3 investment vehicles that could revolutionize solar
There is no denying that the solar industry is growing at an incredible rate. The Solar Energy Industries Association (SEIA) estimates 723 megawatts (MW) of photovoltaic (PV) capacity was installed in the first quarter of 2013, representing a 33% increase in deployment levels over the first quarter of 2012. This has been bolstered by falling prices, which have decreased by more than 24% for a complete installation in the past year and over 60% in the price of panels since 2011.
However, now the price of photovoltaic cells only represents a small percentage of the cost of the entire PV system, increasing the difficulty of lowering system costs as a whole. For the solar industry to maintain its rate of growth, especially in a post subsidy environment, it is necessary to reduce the costs of balancing system components, inverters, sales and installation or to innovate in other areas. One area open for innovation is solar finance, and to reach the monumental levels of investment needed to reach climate goals, there needs to be new investment vehicles to make solar investing desirable for a larger range of investors.
Solar as an investment has a long payback period, modest returns, and is comparable to traditional long term infrastructure projects. But unlike large infrastructure projects, the size of typical solar installations is much smaller. Solar projects are too large for many organizations to fund on their own, but too small for banks to pay much attention to. This has made financing solar one of larger barriers in the industry, but new investment vehicles are emerging to help raise investment dollars. The three most popularized ideas are Master Limited Partnerships, Solar Securitization and Real Estate Investment Trusts.

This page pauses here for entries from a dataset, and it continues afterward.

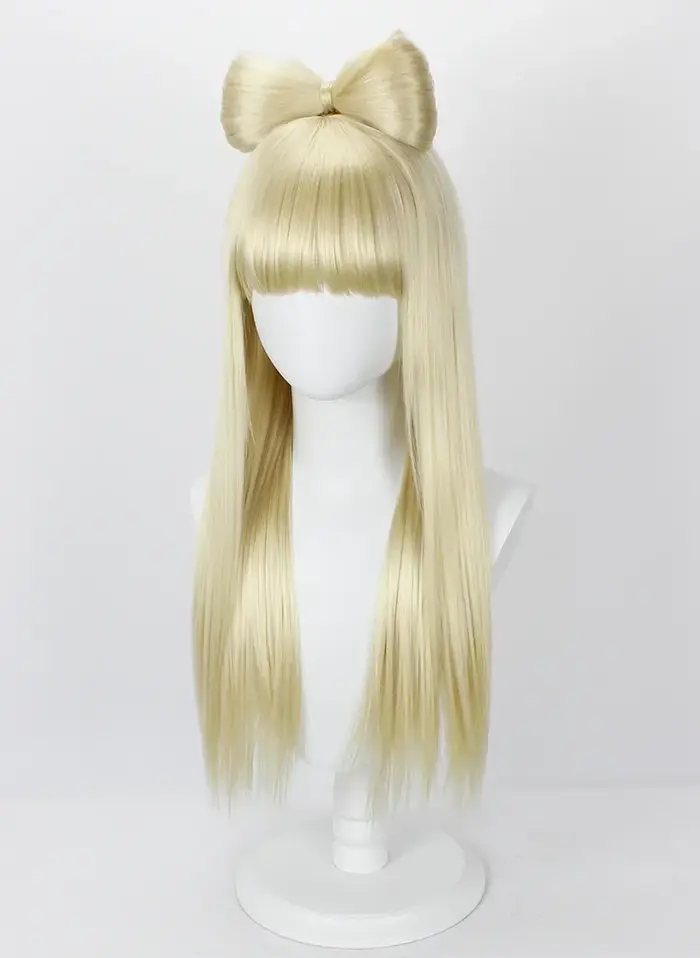Lady Gaga – perruque blonde lisse et longue avec nœud, accessoire de fête pour Costume de Cosplay cl
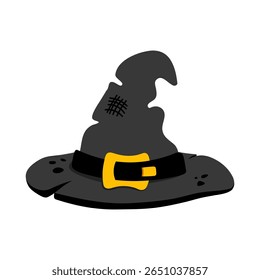 Cute Halloween old black witch hat with gold buckle and patch. Vector Halloween illustration for greeting, print, fabric, decoration, sticker, web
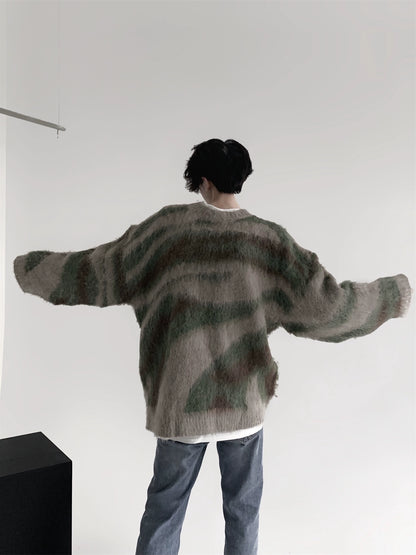 Oversize Stripe Plush Knit Sweater WN9117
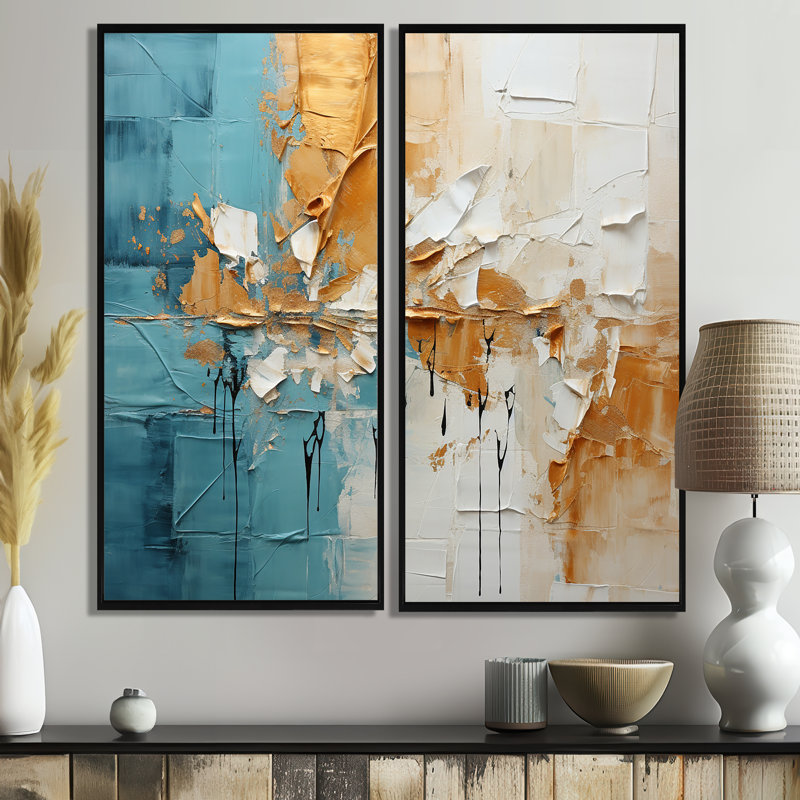 Transcendent Textures I - Large Collages abstraits sur toile, art mural 2 panneaux, 40" H x 40" W, Black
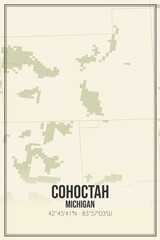 Retro US city map of Cohoctah, Michigan. Vintage street map.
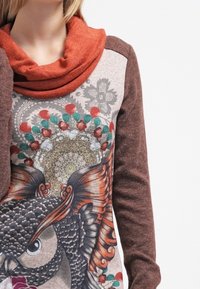 Langärmliges Oberteil mit braunem Körper, orangefarbigem Kragen und einem bedruckten Eulendesign mit komplexen Mustern und farbenfrohen Akzenten.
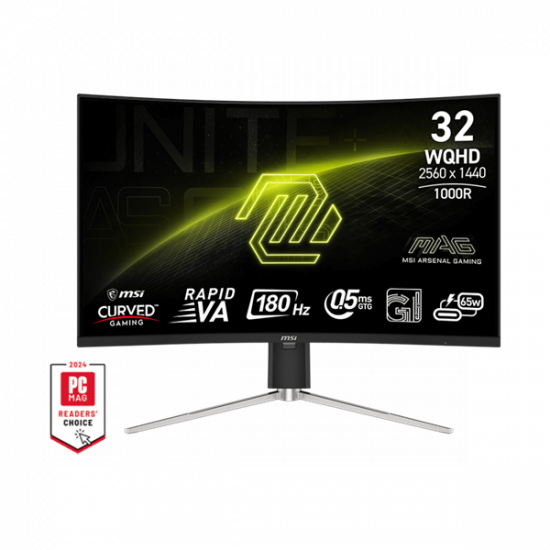 MSI Monitor GAMING MAG 325CQRF QD E2 31,5" Ívelt Rapid VA WQHD 2560x1440, 16:9 180Hz 0,5ms 3500:1, 2x HDMI, DP, USB-C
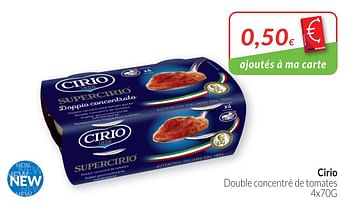 Promotions Cirio double concentré de tomates - CIRIO - Valide de 01/07/2020 à 31/07/2020 chez Intermarche
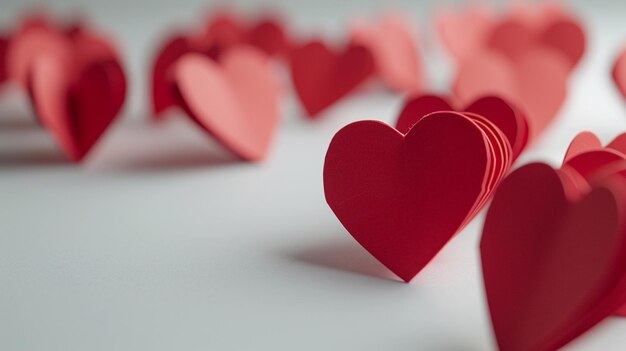 Valentines day card with red heartshaped paper elements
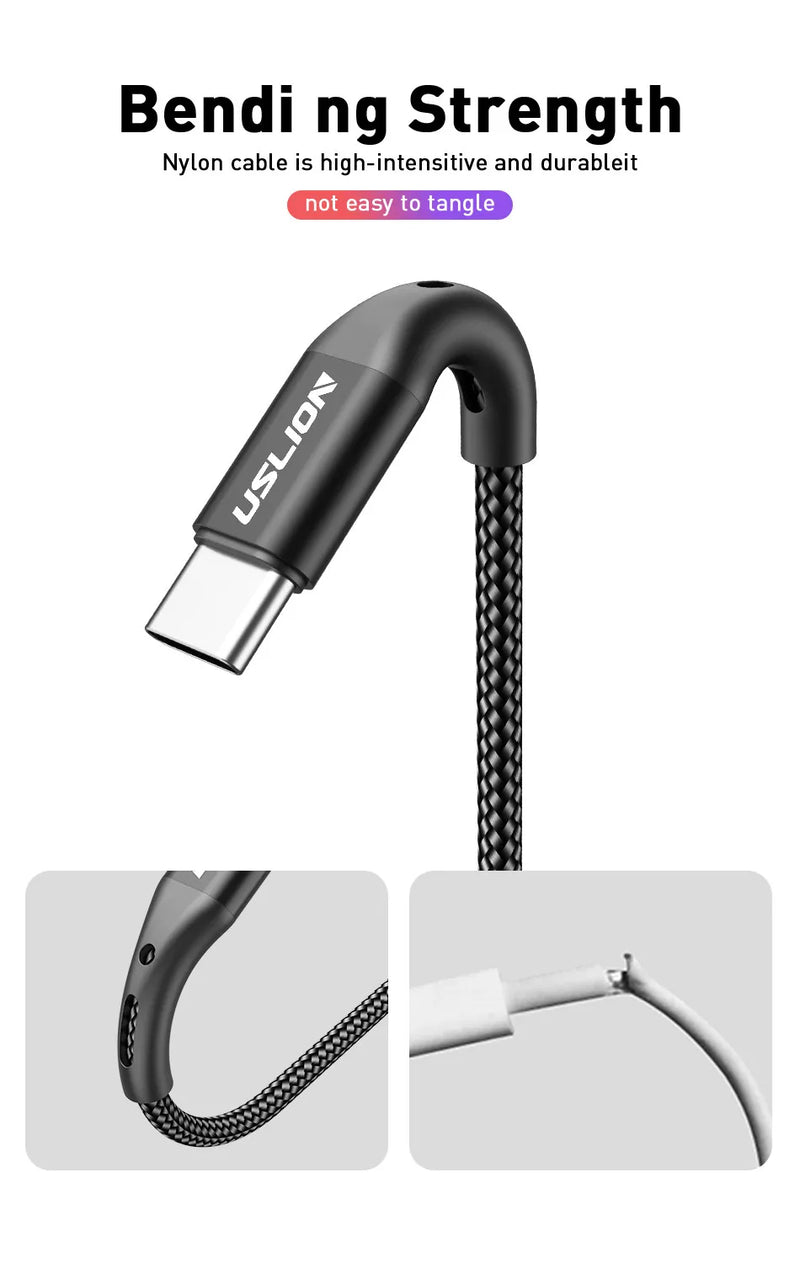 Cabo USB Tipo C Fio para Samsung S24 S23 Xiaomi Mi 14, Carregamento Rápido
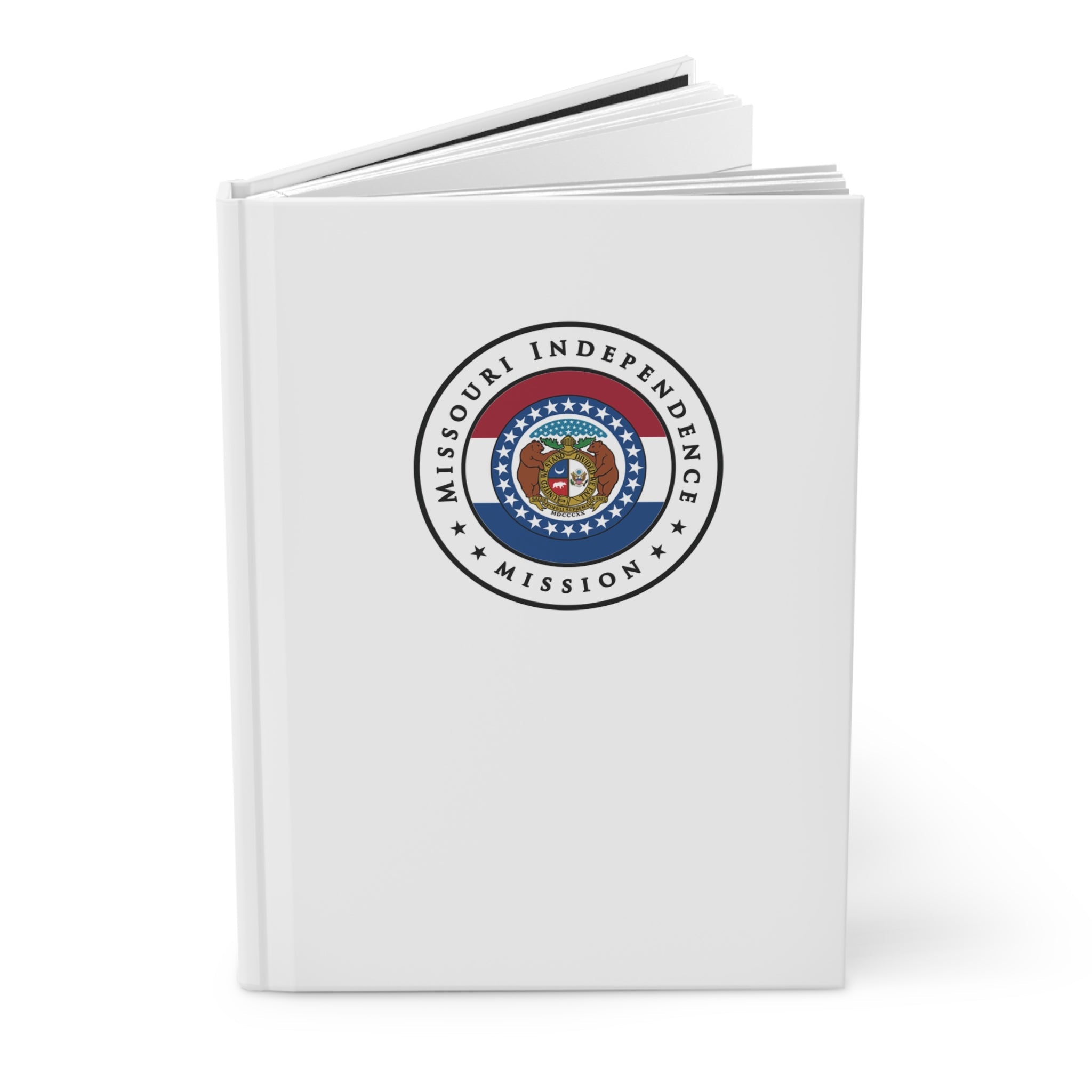 Missouri Independence Mission Logo Design White Hardcover Journal Matte - Latter-Day Saint LDS Missionary Gift - Book of Mormon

Master Limited Partnerships
Master Limited Partnerships (MLPs) are investment vehicles that protect profits from corporate taxes with the condition that the majority of the profits from the venture are distributed to investors. MLPs are traditionally used in the energy industry, mostly pipeline businesses, which earn stable income from the transport of oil, gasoline or natural gas. In June 2012, U.S. Senator Chris Coons introduced the Master Limited Partnership Parity Act that allows energy-generation projects like solar and transmission companies to form master limited partnerships, giving them favorable tax status and access to low-cost capital.